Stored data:
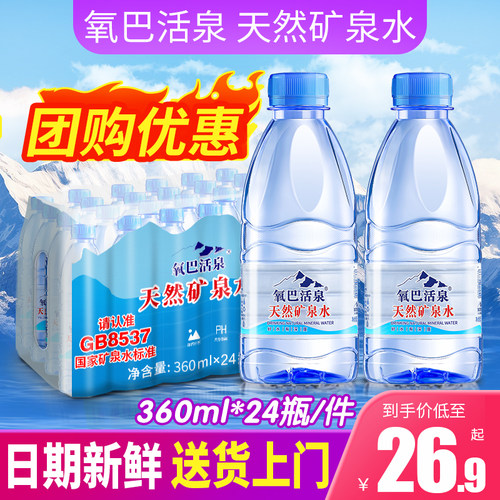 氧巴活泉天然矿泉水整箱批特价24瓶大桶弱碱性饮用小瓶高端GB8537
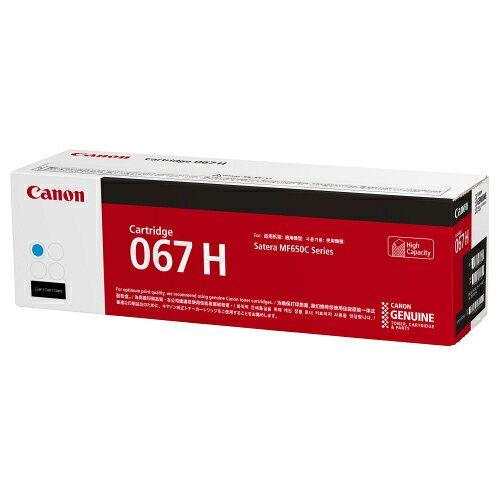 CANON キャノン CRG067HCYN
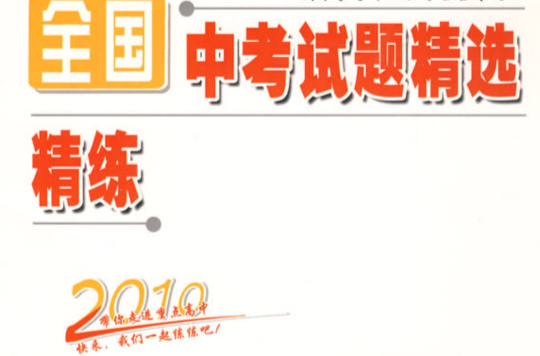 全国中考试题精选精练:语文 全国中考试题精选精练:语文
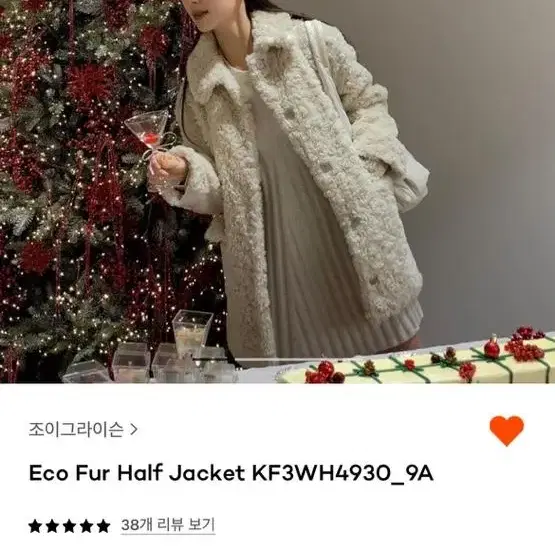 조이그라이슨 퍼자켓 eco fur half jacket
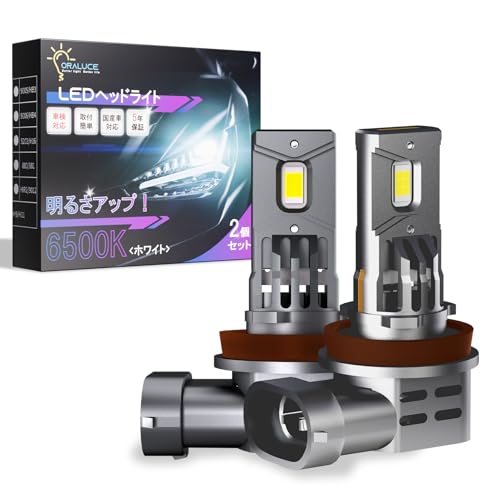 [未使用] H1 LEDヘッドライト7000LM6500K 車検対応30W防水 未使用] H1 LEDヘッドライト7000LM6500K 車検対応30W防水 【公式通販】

## Exercise brief
Beginning with the line that contains "조이그라이슨 퍼자켓 eco fur half jacket", print exactly every line through the end of the records, both included. Omit the pictures.

## Expected answer
 조이그라이슨 퍼자켓 eco fur half jacket
 [未使用] H1 LEDヘッドライト7000LM6500K 車検対応30W防水 未使用] H1 LEDヘッドライト7000LM6500K 車検対応30W防水 【公式通販】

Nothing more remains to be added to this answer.